LLM Deep Dive 2: Positional Embedding

Revisit Positional Embedding

I was planning to jump straight into Rotary Positional Embedding (RoPE) — the mechanism powering MiniMind. But as I dug deeper, I realized I had glossed over the foundational sinusoidal encoding from the seminal Attention Is All You Need paper.

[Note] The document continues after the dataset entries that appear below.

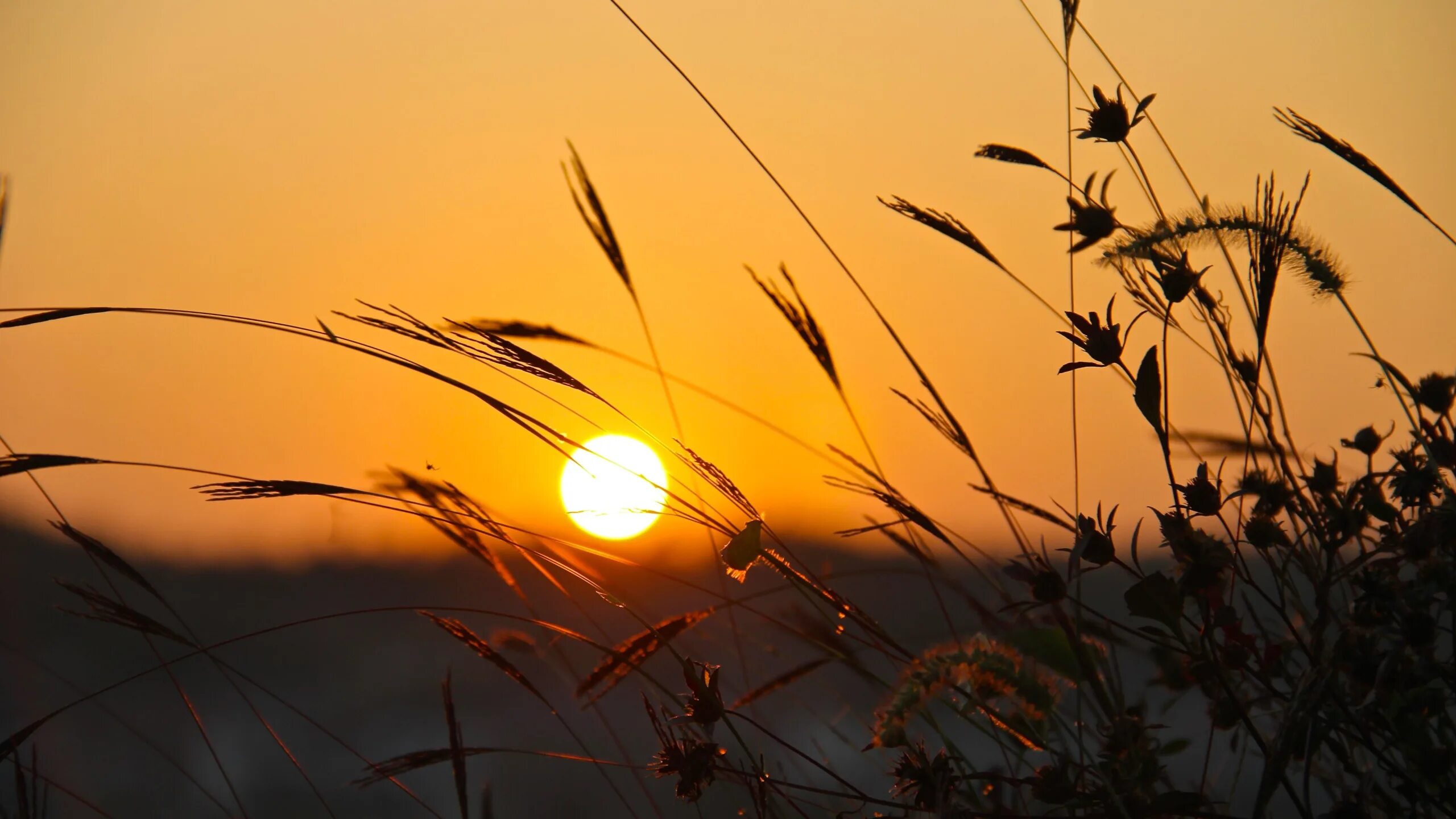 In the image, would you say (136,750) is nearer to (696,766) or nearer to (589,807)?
(589,807)

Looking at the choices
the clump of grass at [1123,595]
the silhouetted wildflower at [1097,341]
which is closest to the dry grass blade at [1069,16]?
the clump of grass at [1123,595]

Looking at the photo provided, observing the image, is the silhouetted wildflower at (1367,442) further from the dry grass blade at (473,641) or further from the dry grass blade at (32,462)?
the dry grass blade at (32,462)

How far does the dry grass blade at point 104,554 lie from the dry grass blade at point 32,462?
8.8 inches

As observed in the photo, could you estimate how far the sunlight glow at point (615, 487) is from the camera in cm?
110

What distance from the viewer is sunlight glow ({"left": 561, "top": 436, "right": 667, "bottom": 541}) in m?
1.10

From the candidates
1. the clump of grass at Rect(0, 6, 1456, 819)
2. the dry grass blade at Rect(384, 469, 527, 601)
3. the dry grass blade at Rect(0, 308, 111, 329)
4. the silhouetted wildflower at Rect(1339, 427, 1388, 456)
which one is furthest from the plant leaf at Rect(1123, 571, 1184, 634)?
the dry grass blade at Rect(0, 308, 111, 329)

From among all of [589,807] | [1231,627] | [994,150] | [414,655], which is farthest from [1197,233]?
[414,655]

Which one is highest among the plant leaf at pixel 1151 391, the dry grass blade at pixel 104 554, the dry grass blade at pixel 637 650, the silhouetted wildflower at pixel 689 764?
the dry grass blade at pixel 104 554

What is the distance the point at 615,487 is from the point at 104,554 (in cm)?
70

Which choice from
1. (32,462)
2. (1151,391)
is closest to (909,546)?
(1151,391)

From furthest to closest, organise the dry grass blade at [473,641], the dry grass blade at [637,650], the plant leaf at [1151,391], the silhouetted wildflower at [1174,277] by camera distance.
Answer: the dry grass blade at [473,641]
the dry grass blade at [637,650]
the silhouetted wildflower at [1174,277]
the plant leaf at [1151,391]

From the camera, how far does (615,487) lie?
1159 millimetres

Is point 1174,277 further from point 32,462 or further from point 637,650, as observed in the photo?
point 32,462

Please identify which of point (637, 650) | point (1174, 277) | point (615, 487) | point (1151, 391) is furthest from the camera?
point (615, 487) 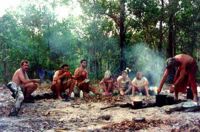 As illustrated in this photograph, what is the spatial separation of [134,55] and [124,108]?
13.3m

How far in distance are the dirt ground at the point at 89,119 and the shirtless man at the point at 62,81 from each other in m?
1.46

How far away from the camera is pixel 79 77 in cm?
1401

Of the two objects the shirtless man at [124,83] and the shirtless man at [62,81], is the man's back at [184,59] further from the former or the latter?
the shirtless man at [62,81]

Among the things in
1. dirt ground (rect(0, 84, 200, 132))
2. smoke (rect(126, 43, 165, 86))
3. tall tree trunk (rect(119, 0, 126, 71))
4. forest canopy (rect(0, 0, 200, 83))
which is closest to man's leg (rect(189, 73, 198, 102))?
dirt ground (rect(0, 84, 200, 132))

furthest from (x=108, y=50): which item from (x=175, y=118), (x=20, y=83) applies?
(x=175, y=118)

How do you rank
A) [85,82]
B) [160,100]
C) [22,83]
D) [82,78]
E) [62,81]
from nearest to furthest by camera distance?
[160,100] → [22,83] → [62,81] → [85,82] → [82,78]

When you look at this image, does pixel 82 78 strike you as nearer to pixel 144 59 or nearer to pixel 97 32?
pixel 97 32

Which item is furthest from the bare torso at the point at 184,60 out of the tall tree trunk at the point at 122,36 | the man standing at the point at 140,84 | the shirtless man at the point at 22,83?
the tall tree trunk at the point at 122,36

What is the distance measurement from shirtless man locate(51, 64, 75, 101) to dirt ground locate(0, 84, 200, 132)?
4.80ft

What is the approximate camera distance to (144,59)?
2567 cm

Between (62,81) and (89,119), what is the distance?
4676 mm

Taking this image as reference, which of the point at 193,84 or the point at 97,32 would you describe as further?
the point at 97,32

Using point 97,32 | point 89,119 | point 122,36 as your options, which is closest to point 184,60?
point 89,119

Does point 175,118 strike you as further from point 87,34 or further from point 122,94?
point 87,34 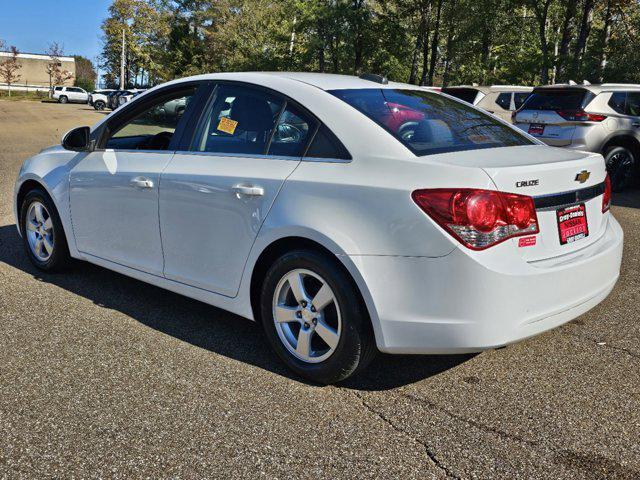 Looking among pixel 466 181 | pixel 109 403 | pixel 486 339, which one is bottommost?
pixel 109 403

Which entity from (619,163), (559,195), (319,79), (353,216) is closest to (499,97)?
(619,163)

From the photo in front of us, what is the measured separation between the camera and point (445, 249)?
2803 mm

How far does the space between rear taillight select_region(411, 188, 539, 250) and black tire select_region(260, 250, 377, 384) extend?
0.56 metres

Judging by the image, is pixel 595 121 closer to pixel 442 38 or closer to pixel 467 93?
pixel 467 93

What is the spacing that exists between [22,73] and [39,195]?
113 m

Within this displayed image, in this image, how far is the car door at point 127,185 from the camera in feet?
13.4

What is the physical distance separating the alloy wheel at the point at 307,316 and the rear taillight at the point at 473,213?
2.24 ft

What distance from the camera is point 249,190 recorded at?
11.3ft

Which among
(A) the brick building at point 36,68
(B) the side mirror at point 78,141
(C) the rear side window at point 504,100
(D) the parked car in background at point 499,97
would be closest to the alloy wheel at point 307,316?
(B) the side mirror at point 78,141

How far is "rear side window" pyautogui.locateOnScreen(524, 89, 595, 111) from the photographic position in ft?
34.0

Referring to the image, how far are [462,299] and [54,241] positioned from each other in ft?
11.4

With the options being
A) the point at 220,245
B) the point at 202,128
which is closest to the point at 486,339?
the point at 220,245

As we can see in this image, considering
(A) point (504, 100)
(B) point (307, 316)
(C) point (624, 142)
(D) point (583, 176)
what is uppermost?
(A) point (504, 100)

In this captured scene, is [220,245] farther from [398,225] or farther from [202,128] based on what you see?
[398,225] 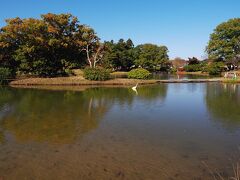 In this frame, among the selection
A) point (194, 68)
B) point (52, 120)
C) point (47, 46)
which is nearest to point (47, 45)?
point (47, 46)

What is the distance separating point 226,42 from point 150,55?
18.6 m

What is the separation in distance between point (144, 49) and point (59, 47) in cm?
3585

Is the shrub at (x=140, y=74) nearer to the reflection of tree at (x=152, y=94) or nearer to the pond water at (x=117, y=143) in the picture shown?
the reflection of tree at (x=152, y=94)

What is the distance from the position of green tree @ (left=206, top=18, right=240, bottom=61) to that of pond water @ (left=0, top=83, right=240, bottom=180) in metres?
43.1

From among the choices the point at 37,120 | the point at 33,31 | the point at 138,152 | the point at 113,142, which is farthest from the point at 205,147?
the point at 33,31

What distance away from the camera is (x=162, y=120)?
39.9 ft

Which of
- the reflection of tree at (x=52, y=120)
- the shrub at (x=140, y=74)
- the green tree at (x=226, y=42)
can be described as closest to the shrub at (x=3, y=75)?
the shrub at (x=140, y=74)

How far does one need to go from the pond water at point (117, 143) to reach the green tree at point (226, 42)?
43.1 meters

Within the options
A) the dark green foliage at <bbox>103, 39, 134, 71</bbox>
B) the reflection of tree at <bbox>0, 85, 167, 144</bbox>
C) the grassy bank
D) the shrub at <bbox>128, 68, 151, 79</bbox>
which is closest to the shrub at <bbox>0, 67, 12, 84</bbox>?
the grassy bank

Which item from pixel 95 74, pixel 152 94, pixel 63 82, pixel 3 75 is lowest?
pixel 152 94

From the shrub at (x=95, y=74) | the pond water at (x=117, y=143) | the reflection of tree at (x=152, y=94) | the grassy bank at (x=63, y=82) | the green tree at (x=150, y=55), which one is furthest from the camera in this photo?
the green tree at (x=150, y=55)

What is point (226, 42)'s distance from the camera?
54.0m

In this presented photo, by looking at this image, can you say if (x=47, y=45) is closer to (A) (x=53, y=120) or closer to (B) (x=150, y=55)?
(A) (x=53, y=120)

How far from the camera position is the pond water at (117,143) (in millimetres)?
6516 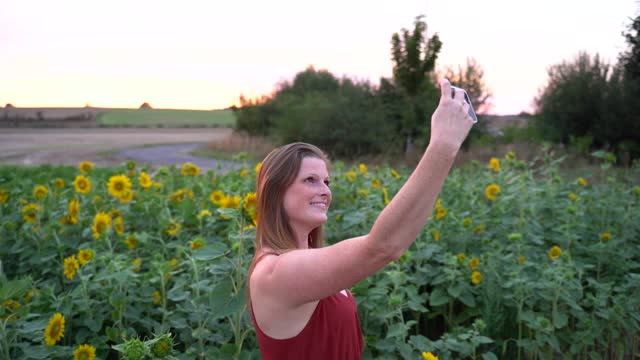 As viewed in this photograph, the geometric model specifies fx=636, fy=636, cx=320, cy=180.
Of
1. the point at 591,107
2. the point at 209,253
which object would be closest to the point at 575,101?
the point at 591,107

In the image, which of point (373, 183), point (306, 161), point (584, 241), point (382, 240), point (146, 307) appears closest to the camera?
point (382, 240)

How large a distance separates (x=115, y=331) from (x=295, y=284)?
5.09 feet

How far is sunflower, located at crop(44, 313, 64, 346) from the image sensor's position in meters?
2.35

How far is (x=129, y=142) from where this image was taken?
1393 inches

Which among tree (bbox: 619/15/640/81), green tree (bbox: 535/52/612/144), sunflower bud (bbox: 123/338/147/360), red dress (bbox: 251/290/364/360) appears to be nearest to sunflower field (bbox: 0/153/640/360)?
sunflower bud (bbox: 123/338/147/360)

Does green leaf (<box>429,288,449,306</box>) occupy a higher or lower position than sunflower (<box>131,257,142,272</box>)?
lower

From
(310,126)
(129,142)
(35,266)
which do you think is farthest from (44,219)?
(129,142)

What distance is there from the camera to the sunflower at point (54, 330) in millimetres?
2350

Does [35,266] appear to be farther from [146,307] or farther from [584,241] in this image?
[584,241]

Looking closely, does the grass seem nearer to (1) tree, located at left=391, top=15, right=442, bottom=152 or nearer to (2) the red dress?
(1) tree, located at left=391, top=15, right=442, bottom=152

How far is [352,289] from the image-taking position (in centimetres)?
271

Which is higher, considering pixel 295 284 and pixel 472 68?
pixel 472 68

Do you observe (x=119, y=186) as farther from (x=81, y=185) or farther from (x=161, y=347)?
(x=161, y=347)

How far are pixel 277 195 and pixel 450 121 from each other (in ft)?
1.91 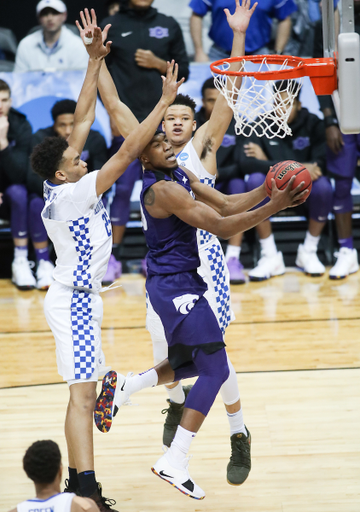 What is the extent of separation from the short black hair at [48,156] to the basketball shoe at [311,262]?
4.94 meters

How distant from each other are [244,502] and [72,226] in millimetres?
1909

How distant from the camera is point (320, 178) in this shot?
8523 mm

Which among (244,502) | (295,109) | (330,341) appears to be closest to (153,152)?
(244,502)

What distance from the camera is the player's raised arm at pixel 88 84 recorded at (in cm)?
452

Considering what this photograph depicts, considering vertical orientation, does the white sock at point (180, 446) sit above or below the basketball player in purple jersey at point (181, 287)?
below

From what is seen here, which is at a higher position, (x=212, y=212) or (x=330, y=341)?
(x=212, y=212)

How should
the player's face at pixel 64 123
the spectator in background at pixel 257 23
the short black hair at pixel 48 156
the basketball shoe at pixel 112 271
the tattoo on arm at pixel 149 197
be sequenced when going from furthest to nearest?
the spectator in background at pixel 257 23 → the basketball shoe at pixel 112 271 → the player's face at pixel 64 123 → the short black hair at pixel 48 156 → the tattoo on arm at pixel 149 197

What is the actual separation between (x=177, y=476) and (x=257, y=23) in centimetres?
648

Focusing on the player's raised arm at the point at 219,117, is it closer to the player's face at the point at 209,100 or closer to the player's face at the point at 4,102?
the player's face at the point at 209,100

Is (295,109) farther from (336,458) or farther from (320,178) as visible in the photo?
(336,458)

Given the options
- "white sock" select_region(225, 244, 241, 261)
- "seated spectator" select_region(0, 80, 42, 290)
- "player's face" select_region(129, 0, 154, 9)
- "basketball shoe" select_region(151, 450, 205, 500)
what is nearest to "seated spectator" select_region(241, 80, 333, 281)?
"white sock" select_region(225, 244, 241, 261)

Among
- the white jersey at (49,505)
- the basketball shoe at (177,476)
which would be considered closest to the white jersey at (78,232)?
the basketball shoe at (177,476)

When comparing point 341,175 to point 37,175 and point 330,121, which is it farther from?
point 37,175

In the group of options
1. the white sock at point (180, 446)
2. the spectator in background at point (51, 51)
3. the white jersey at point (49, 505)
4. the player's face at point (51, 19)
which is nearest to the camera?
the white jersey at point (49, 505) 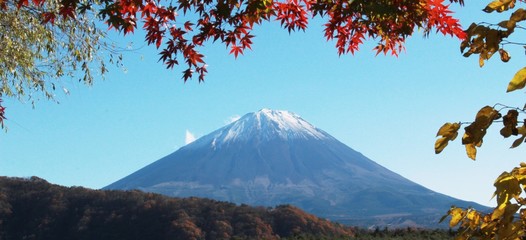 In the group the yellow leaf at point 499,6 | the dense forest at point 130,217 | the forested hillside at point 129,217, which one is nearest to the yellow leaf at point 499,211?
the yellow leaf at point 499,6

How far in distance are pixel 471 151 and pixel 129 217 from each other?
17.6 metres

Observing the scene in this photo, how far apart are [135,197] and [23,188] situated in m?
4.44

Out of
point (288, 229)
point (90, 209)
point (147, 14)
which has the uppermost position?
point (147, 14)

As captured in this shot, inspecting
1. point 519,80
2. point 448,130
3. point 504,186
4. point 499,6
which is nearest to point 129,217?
point 448,130

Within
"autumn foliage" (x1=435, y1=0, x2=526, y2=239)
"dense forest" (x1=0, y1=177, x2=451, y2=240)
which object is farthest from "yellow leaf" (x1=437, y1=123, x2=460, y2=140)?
"dense forest" (x1=0, y1=177, x2=451, y2=240)

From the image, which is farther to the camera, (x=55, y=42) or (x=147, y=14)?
(x=55, y=42)

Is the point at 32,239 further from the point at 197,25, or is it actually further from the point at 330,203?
the point at 330,203

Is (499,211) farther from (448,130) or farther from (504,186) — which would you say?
(448,130)

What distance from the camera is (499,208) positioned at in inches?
105

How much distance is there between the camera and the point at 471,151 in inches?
116

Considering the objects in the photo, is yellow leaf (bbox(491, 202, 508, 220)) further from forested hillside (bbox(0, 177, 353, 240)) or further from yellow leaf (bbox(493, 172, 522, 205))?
forested hillside (bbox(0, 177, 353, 240))

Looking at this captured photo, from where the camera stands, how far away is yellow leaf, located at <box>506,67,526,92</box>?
7.97ft

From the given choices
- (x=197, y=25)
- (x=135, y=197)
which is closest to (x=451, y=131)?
(x=197, y=25)

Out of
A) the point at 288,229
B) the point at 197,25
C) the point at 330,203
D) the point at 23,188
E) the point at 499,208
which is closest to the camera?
the point at 499,208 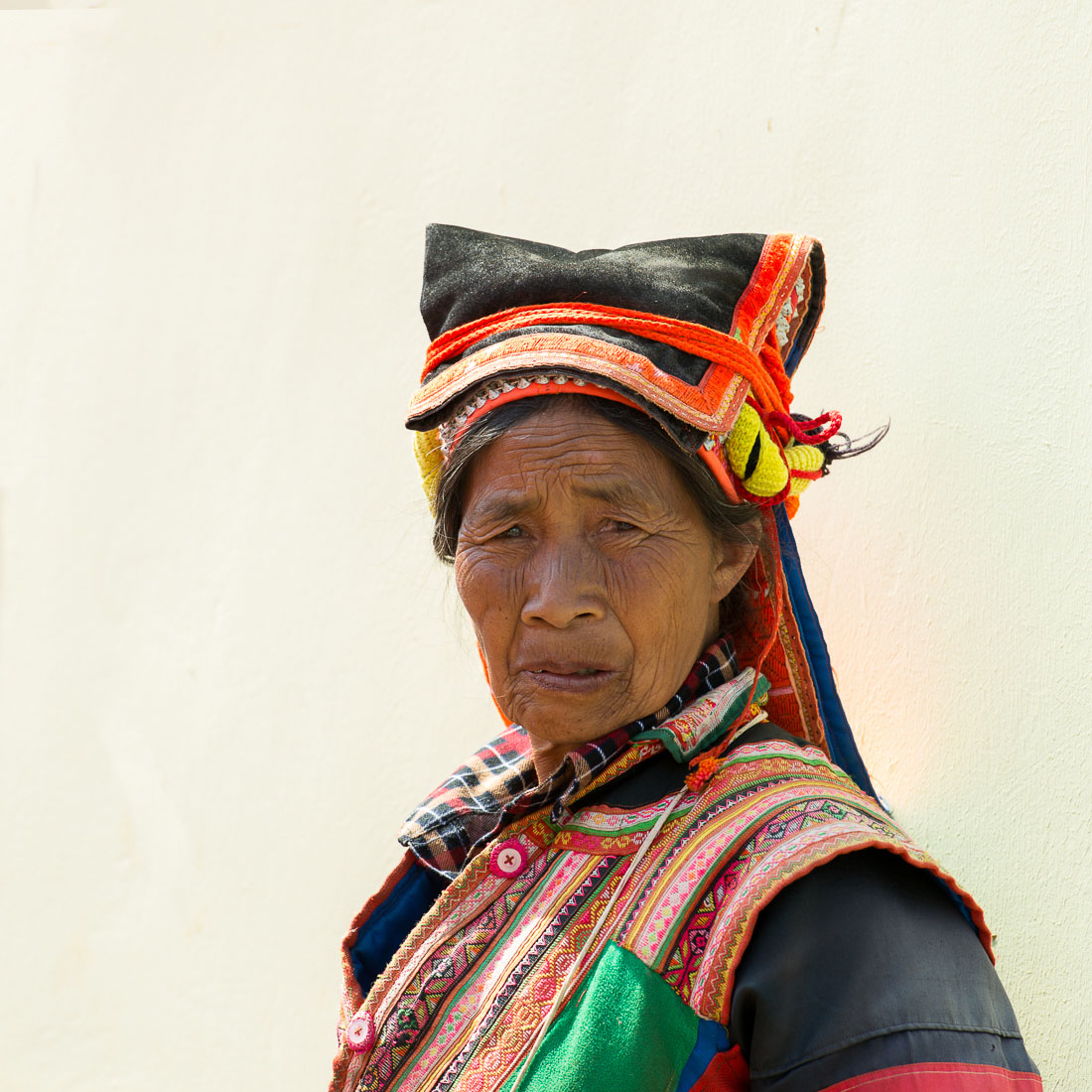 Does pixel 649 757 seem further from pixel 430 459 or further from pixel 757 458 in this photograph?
pixel 430 459

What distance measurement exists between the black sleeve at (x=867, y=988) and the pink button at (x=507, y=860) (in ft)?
1.38

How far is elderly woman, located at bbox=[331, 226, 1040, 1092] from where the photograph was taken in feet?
4.53

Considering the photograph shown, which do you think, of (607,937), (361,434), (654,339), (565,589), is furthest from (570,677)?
(361,434)

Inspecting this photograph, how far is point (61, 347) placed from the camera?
3.71 m

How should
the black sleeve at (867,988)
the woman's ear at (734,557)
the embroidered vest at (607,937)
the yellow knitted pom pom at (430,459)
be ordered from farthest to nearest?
the yellow knitted pom pom at (430,459), the woman's ear at (734,557), the embroidered vest at (607,937), the black sleeve at (867,988)

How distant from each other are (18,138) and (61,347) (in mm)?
758

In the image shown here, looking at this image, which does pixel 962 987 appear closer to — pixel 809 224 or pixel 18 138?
pixel 809 224

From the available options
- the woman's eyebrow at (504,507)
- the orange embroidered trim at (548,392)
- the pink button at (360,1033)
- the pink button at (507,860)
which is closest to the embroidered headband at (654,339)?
the orange embroidered trim at (548,392)

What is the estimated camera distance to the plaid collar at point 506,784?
173cm

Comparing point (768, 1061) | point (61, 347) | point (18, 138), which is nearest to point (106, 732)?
point (61, 347)

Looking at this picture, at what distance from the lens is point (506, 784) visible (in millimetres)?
2066

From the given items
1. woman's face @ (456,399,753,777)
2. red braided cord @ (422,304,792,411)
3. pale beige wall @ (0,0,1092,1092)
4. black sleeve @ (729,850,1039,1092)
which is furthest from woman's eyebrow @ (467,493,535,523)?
pale beige wall @ (0,0,1092,1092)

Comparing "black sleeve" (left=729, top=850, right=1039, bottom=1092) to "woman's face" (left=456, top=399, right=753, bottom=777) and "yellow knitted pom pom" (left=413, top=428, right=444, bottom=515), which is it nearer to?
"woman's face" (left=456, top=399, right=753, bottom=777)

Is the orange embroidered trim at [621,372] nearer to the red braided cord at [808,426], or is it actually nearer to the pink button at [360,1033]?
the red braided cord at [808,426] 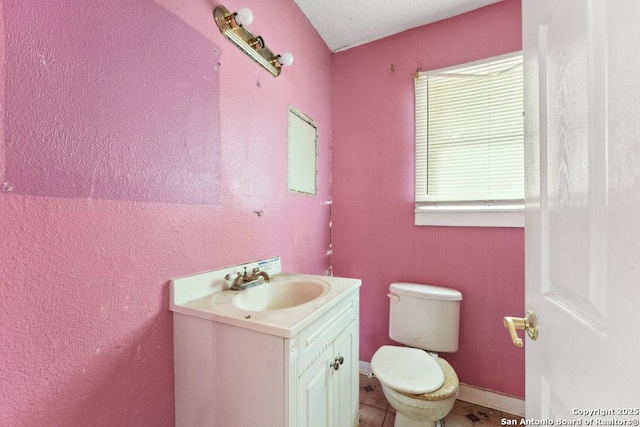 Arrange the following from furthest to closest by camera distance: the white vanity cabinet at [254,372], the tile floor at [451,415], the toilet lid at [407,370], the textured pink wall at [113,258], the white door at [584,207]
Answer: the tile floor at [451,415]
the toilet lid at [407,370]
the white vanity cabinet at [254,372]
the textured pink wall at [113,258]
the white door at [584,207]

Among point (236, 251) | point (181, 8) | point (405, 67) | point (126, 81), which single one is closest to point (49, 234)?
point (126, 81)

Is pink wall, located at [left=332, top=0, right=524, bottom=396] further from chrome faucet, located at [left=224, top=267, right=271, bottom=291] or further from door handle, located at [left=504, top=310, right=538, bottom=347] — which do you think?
door handle, located at [left=504, top=310, right=538, bottom=347]

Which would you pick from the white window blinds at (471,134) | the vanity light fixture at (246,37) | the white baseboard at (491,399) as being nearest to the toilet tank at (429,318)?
the white baseboard at (491,399)

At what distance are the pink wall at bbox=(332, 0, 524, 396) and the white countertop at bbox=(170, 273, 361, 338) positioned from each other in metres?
0.85

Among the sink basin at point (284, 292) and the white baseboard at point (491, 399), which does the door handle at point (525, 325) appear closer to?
the sink basin at point (284, 292)

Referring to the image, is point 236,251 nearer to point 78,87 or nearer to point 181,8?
point 78,87

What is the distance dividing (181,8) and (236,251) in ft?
3.13

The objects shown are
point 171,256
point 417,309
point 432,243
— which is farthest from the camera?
point 432,243

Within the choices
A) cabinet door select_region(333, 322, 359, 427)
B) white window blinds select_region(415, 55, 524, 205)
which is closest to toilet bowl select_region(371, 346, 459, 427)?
cabinet door select_region(333, 322, 359, 427)

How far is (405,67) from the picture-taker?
1.76 m

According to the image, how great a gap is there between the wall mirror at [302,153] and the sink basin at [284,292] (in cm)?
57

There are brilliant explainers out there, but most skip the why behind the math. So here’s my attempt to crystallize the key insights — not as a tutorial, but as an engineering deep-dive into the design decisions that make this encoding scheme so damn clever (and where it breaks down).

The Core Formula:

\begin{align*} PE(pos,2i)&=\sin(pos/10000^{2i/d_{model}})\\ PE(pos,2i+1)&=\cos(pos/10000^{2i/d_{model}}) \end{align*}

Here $pos$ is your absolute position in the sequence, $d_{model}$ is the embedding dimension (typically 512 or 768), and $i \in [0, d_{model}/2-1]$ indexes dimension pairs. Every pair of dimensions $(2i, 2i+1)$ encodes position using a unique frequency — from high-frequency local jitter to low-frequency global structure. Let’s unpack why this architecture works, and more importantly, why it eventually fails.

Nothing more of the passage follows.